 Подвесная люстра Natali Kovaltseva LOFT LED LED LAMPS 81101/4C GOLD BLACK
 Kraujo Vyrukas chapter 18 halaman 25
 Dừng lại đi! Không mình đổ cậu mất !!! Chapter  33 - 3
--
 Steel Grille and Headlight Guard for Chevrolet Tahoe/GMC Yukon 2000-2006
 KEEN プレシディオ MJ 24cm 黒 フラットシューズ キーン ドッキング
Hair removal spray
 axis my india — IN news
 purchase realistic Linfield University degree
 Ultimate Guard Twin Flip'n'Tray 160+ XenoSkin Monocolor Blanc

**Your objective**
Using the material above, transcribe exactly the lines from the line with "purchase realistic Linfield" to the line with "Ultimate Guard Twin"; both count, and nothing else goes in.

**Written reply**
 purchase realistic Linfield University degree
 Ultimate Guard Twin Flip'n'Tray 160+ XenoSkin Monocolor Blanc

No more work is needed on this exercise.